The Lost Art of Old School Brainpower
It’s been noted many times that with smart phones, smart cars, and smart houses, we no longer have smart people. While that isn’t completely true, there is a tendency to minimize the need to think, whether it means doing simple math, having some problem-solving skills or naming all the Kardashians. Phrases like “well, that’s what it says on the computer,” or “we do it this way because we’ve always done it this way,” are clear indicators that people do not want to attempt to solve a problem or think it through. Walt Disney once said; ”Everyone in your organization should be able to make a decision.” Today that means “ask Siri.”
While it is widely acknowledged that technology, over the past 25 to 30 years, has broadened the world in so many ways and provided numerous benefits, we also need to ask ourselves; when did we go from utilizing the tools of technology to benefit our needs, to becoming slaves to technology, no longer questioning what it tells us? In fact, technology even tries to fool us. How many of us have started talking to an automated phone call, only to realize it wasn’t a real person on the other end? How many people honestly believe it when you hear, “Please listen to all of the choices because our menu has recently changed?” Better yet, for many years there was a voice that said, “If you have a rotary phone please wait and someone will be with you in a moment,” 99.9% percent of the world did not have rotary phones, yet 50% of us “faked rotary” and waited to speak to a human being.
Today, millions of people spend half of their waking hours glued to their cell phones because it brings them the next text, and the one after that and the one after that, which validates their existence. Yes, aliens landing on this planet would report that a small hand-held object is the life source for humans. A friend of mine said that he asked his girlfriend if they could try a new sexual position. She asked what he had in mind. He replied, “One in which you put down the phone!”

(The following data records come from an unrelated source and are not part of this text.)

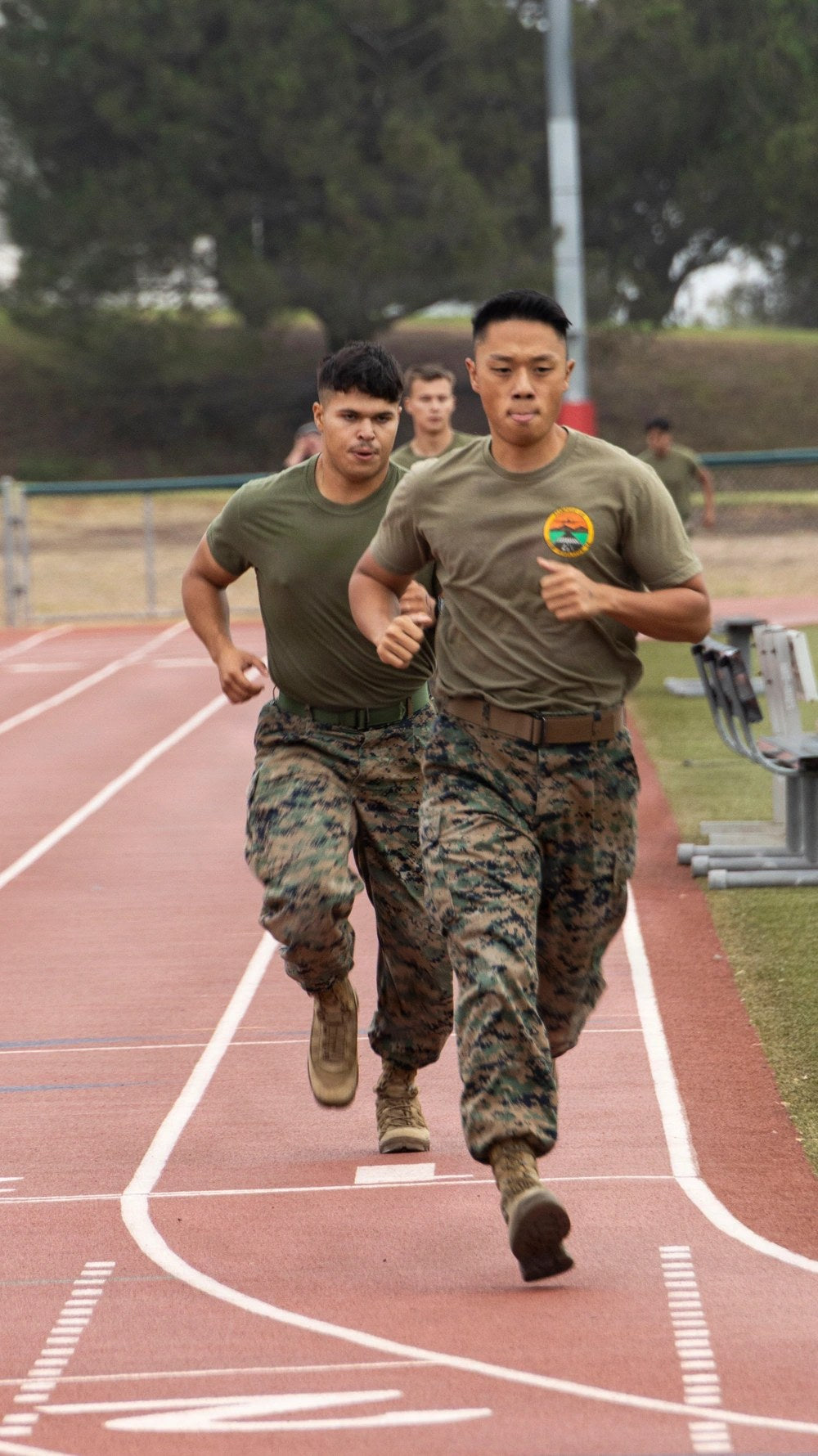 U.S. Marines run during the Warrior Athlete Readiness and Resilience Challenge at Camp Pendleton, California, Sept. 23, 2026. Marine Corps Inspector General inspections can examine whether units are properly implementing fitness and body-composition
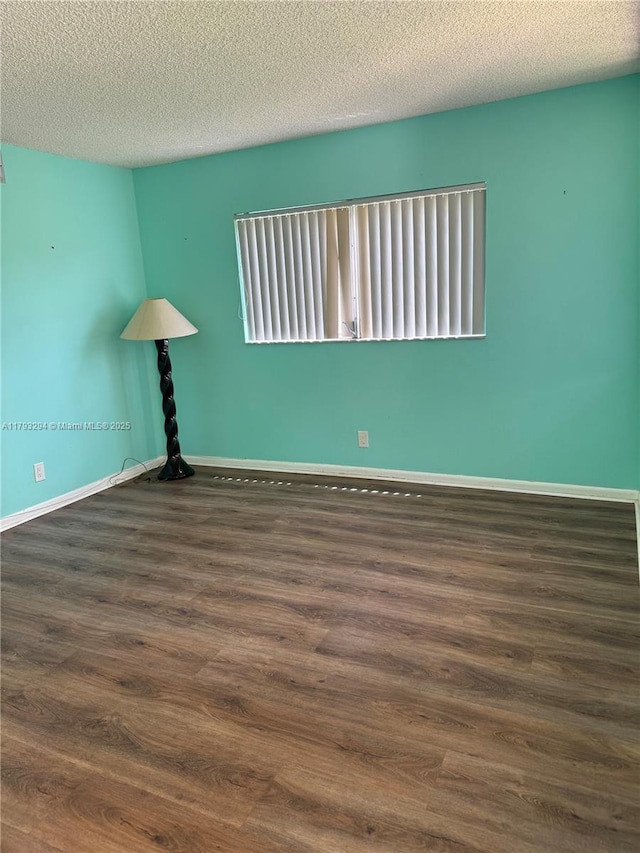 9121 Sunrise Lakes Blvd Unit 120, Sunrise, FL 33322 - empty room with baseboards, a textured ceiling, and wood finished floors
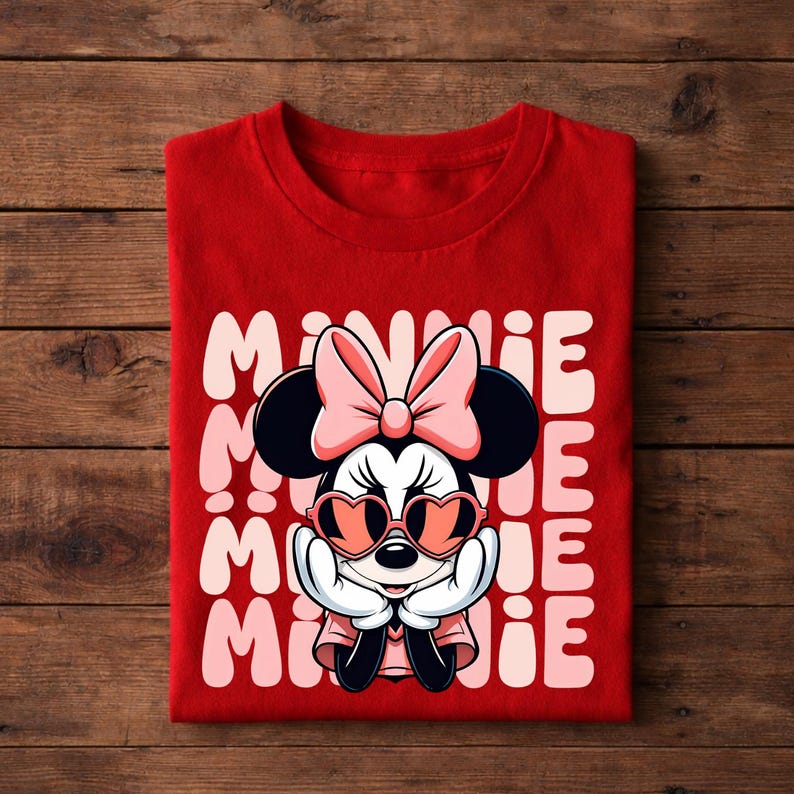 K&ouml;nnte beinhalten: Ein rotes T-Shirt mit einer Minnie Mouse-Grafik, die eine herzf&ouml;rmige Sonnenbrille und eine Schleife tr&auml;gt. Das Wort "MINNIE" ist vertikal in Rosa und Wei&szlig; gedruckt. Das T-Shirt ist auf einer Holzoberfl&auml;che gefaltet.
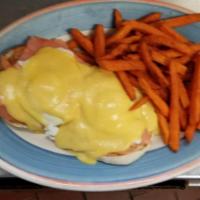 Nova Benedict · Toasted English muffin topped with nova salmon. poached eggs and hollandaise sauce served wi...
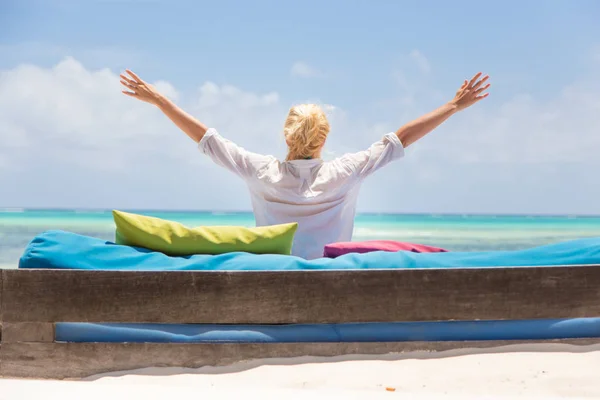 Entspannte Frau in Luxus-Liege, Arme erhoben, Sommerurlaub am schönen Strand genießend. — Stockfoto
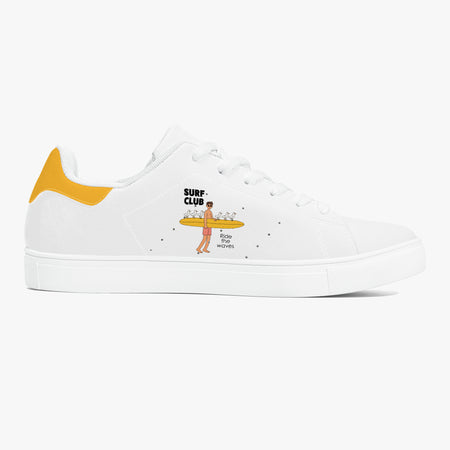 A white low-top sneaker with a yellow heel tab, featuring a cartoon graphic of a surfer carrying a tray with drinks and the text 'SURF CLUB' and 'BODY OF MYOVER'.
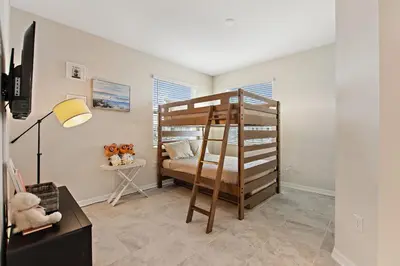 a bedroom with a bunk bed in a room at Triple Header Storey Lake by Shine Villas apts in Kissimmee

The downside of our over dependence on technology, besides cyber-attacks, Cardi B songs and a deluge of cat photos, is that it limits logic, curtails cognitive thinking, prohibits problem solving, and minimizes the ability to form an opinion based on gathering what we once called facts – yes some of us still believe in fact-checking over the idea that if something is retweeted or repeated multiple times then it must be true. The scary part is that more and more people are signing off on using brainpower and letting others, through technology, think for them. They are willingly becoming the pods in the movie Invasion of the Body Snatchers, blindly following the lead of motivational gurus, politicians, con artists or spiritual leaders who have their own agendas. Shutting off brainpower is dangerous, yet popular.
Meanwhile, I write, and ghostwrite, books. I use technology often, I also put down my phone often. And while I fall behind on having the latest version of Word or the latest iPhone, I make up for it by communicating directly with other people and occasionally taking time to think. Sometimes it even works.
Often, I develop a good rapport with clients who enjoy the process of writing a book. Why? Because it goes back to old school thinking – they need to delve into what they know, what story or stories they want to include, how they want to brand themselves or their businesses. They talk about their expertise, not based on what the computer tells them, but on what they bring to the computer. Writing a book takes some old school brainpower and many people still like using that power. We need to re-introduce it to those who have signed off on brainpower and simply absorb sound bites, slogans, texts and propaganda. You can read the book on Kindle, but you need to flex your brainpower to write one. Why not give it a try?